Huge death toll from Libyan storm expected to climb
A desperate search for thousands of people missing after catastrophic flooding in the Libyan city of Derna entered its third day on Wednesday, with thousands already confirmed dead and the toll expected to rise.
The flood was caused by a powerful storm that burst dams nearby, unleashing a torrent of water that has devastated a quarter or more of the Mediterranean city, washing away buildings along with their residents.
Officials in eastern Libya say the death toll so far stands at more than 5,000. A hospital director in the city told Reuters on Monday 1,700 bodies had been counted at his hospital, and that 500 more had been buried in another part of the city.
Some 10,000 people are estimated to be missing. Many are believed to have been swept out to sea.
Reuters journalists who visited Derna on Tuesday saw many bodies laid out on the ground in hospital corridors and people seeking to identify missing relatives as more dead were brought in.
One Derna resident, Mustafa Salem, told Reuters he had so far lost 30 members of his family.
Aid convoys and trucks carrying bulldozers were headed towards the city on Wednesday.
Read Libya floods wipe out quarter of city, 10,000 feared missing
The flood unleashed enormous destruction, flipping and mangling cars and leaving Derna's streets covered in rubble, mud and debris.
Satellite photographs of the city from before and after the disaster show that what had been a relatively narrow waterway through the city centre was now several times wider, with all the buildings that had run along it gone.
Extensive damage, with buildings missing, is also clearly visible in other parts of the city where flood waters broke out from the waterway.
Rescue operations are complicated by Libya being politically fractured.
The internationally recognised Government of National Unity (GNU) is based in Tripoli, in the west.
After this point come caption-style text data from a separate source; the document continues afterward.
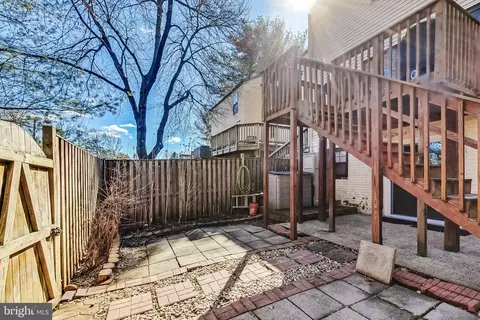 Exterior - 43 Berkeley Ct, Sterling, VA 20165 photo 5 of 7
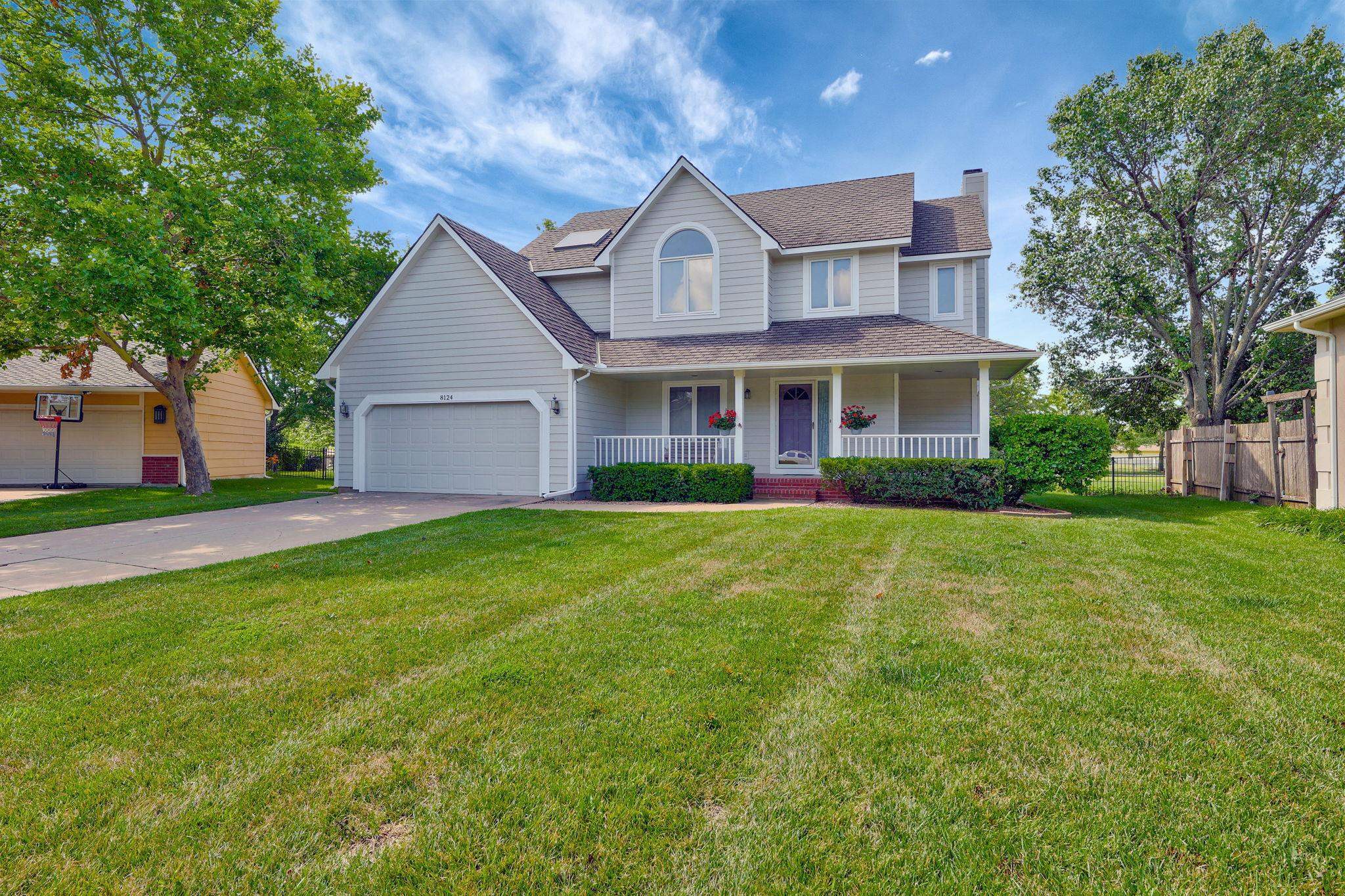 Property Photo:  8124 E Greenbriar Court  KS 67226 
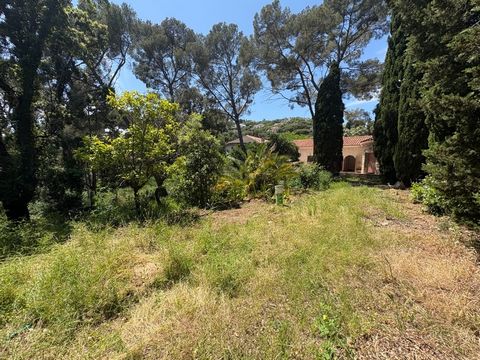 Dpt Var (83), à vendre LES ISSAMBRES maison P7
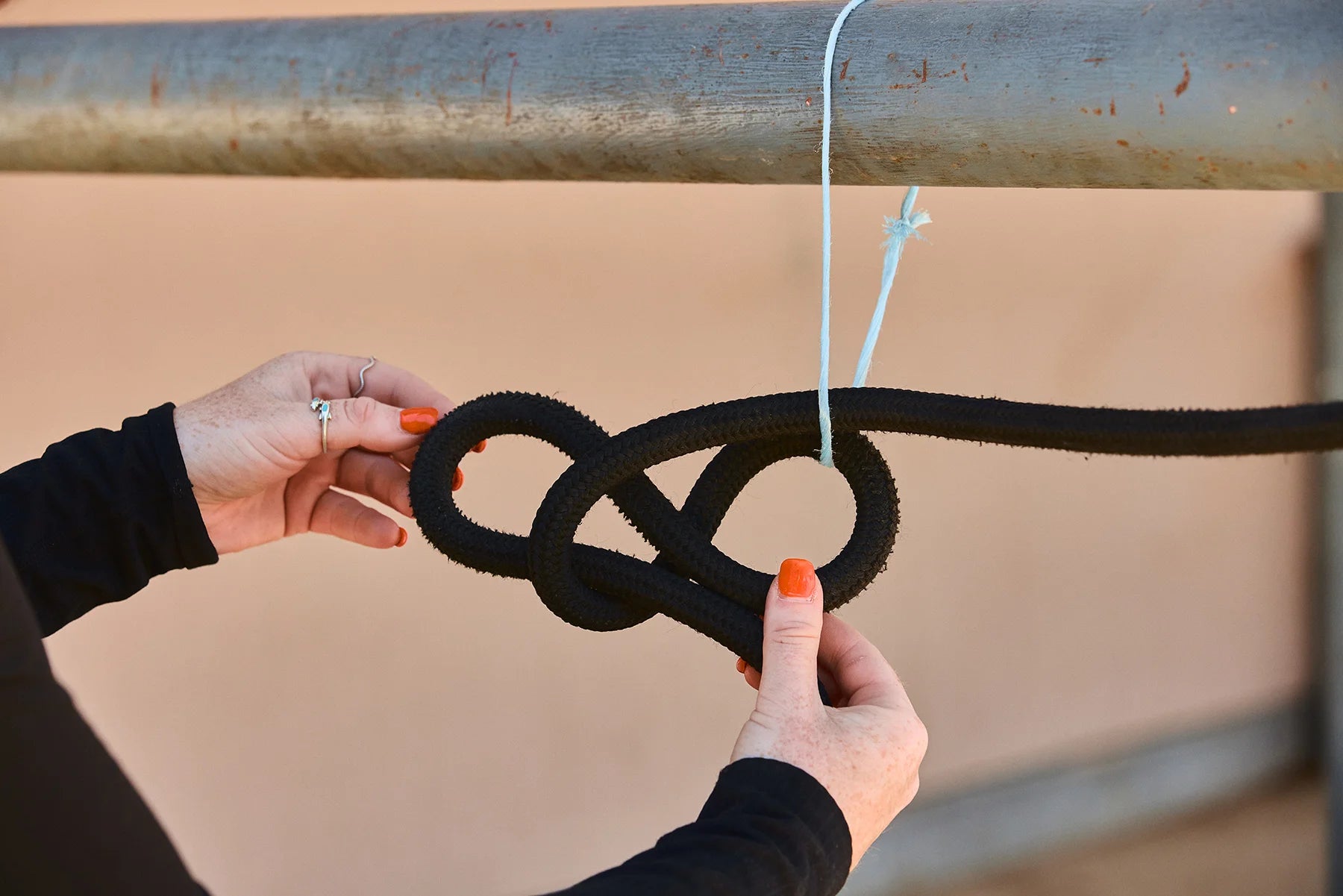 Working with the loose rope section nearest the tie spot, fold your tail end (creating a loop) and pass through the loop that we just secured. Repeat with a 'daiy chain'.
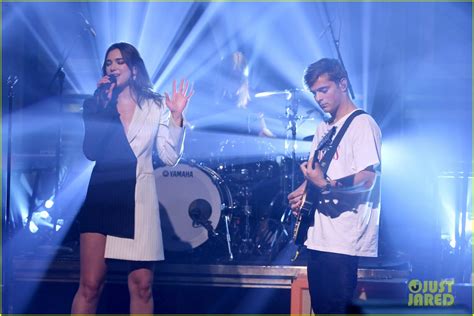 Martin Garrix & Dua Lipa Perform 'Scared To Be Lonely' On 'The Tonight ...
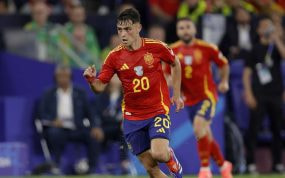 Pedri, durante el partido ante Italia.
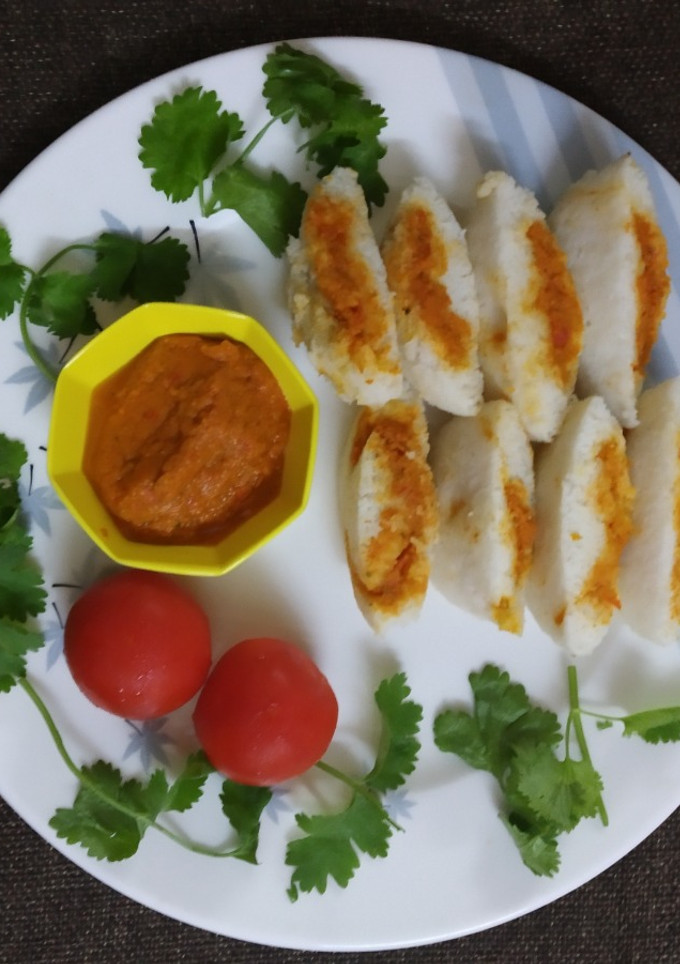 தக்காளி சட்னி ஸ்டஃப்டு இட்லி செய்முறை முக்கிய புகைப்படம்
Derna is in an eastern area where a parallel administration operates, and where control is wielded by commander Khalifa Haftar's Libyan National Army.
Libya's Prime Minister Abdulhamid al-Dbeibah, head of the Tripoli-based government, said on Tuesday the floods were an unprecedented catastrophe. Libya's Presidential Council head Mohammed al-Menfi has called for national unity.
The U.N. Office for the Coordination of Humanitarian Affairs said emergency response teams had been mobilised to help on the ground. Governments including Qatar and Turkey have rushed aid to Libya.